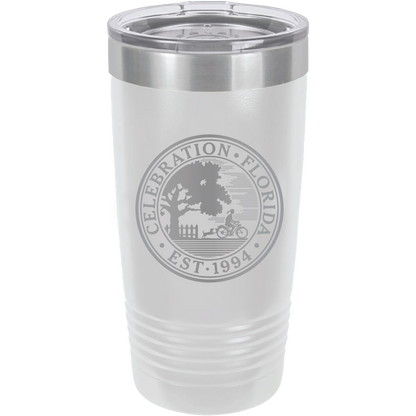 20 oz. Stainless Steel Thermal Tumbler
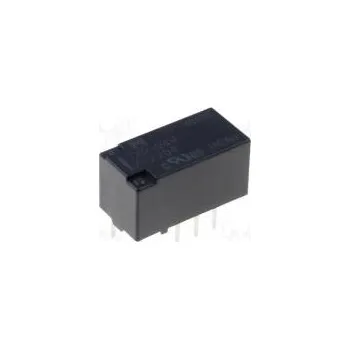 Relé Relé elektromagnetické DPDT Ucívky 24VDC 2A/30VDC max.220VDC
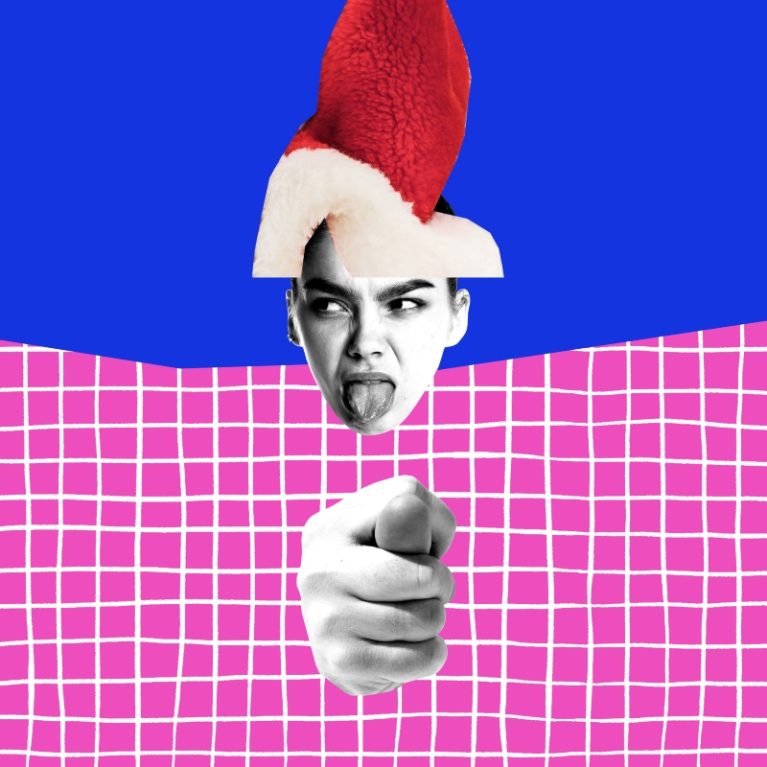 Η ερώτηση που «σβήνει» τους καβγάδες στα τραπέζια των γιορτών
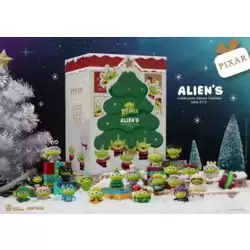 Alien's Celebration Advent Calendar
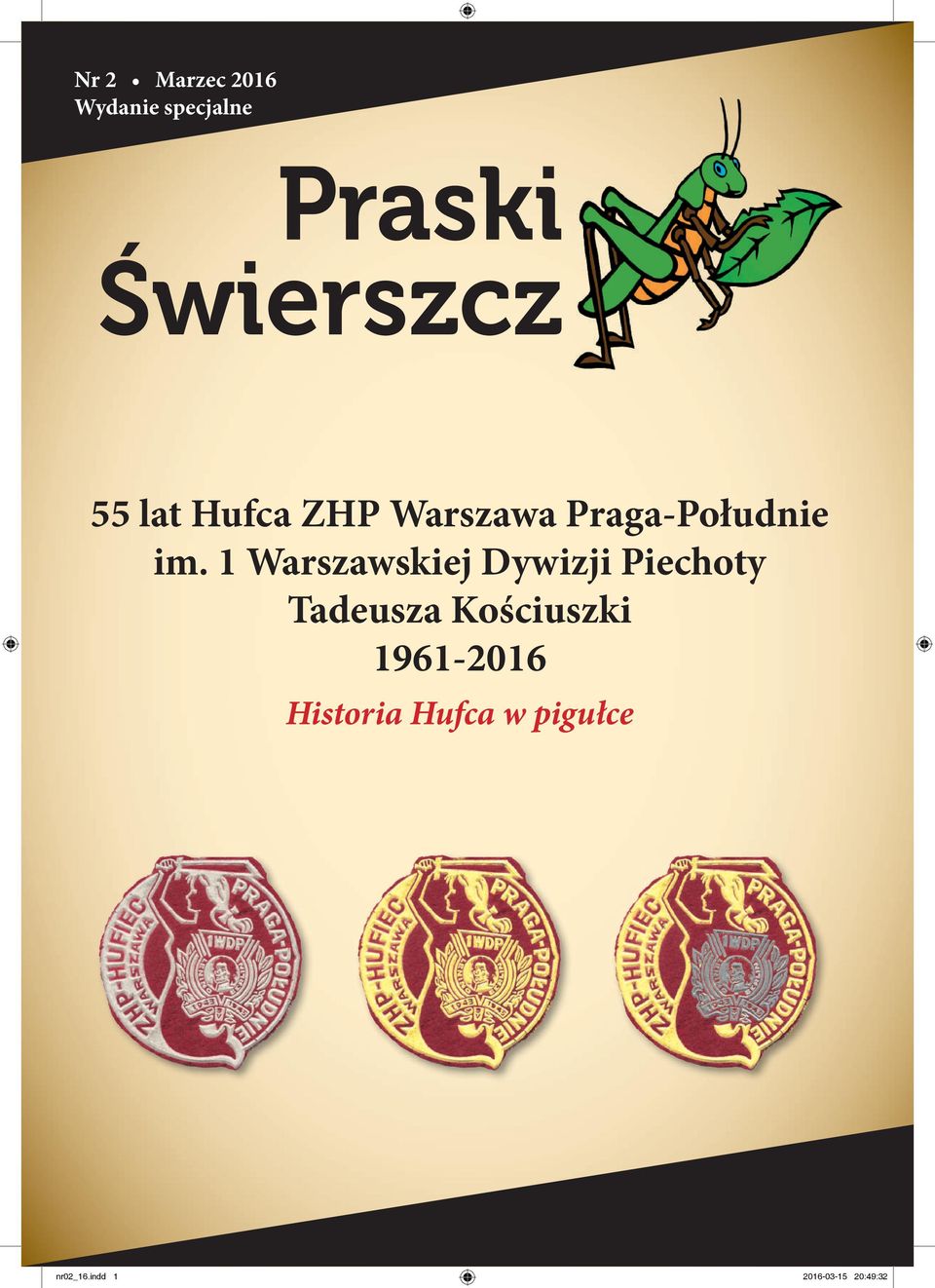 1 Warszawskiej Dywizji Piechoty Tadeusza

■ **WORK ORDER**: Please set down every line of the listing verbatim, excluding its pictures.

■ **TASK OUTPUT**:
 20 oz. Stainless Steel Thermal Tumbler
 Relé Relé elektromagnetické DPDT Ucívky 24VDC 2A/30VDC max.220VDC
 Η ερώτηση που «σβήνει» τους καβγάδες στα τραπέζια των γιορτών
 Alien's Celebration Advent Calendar
 1 Warszawskiej Dywizji Piechoty Tadeusza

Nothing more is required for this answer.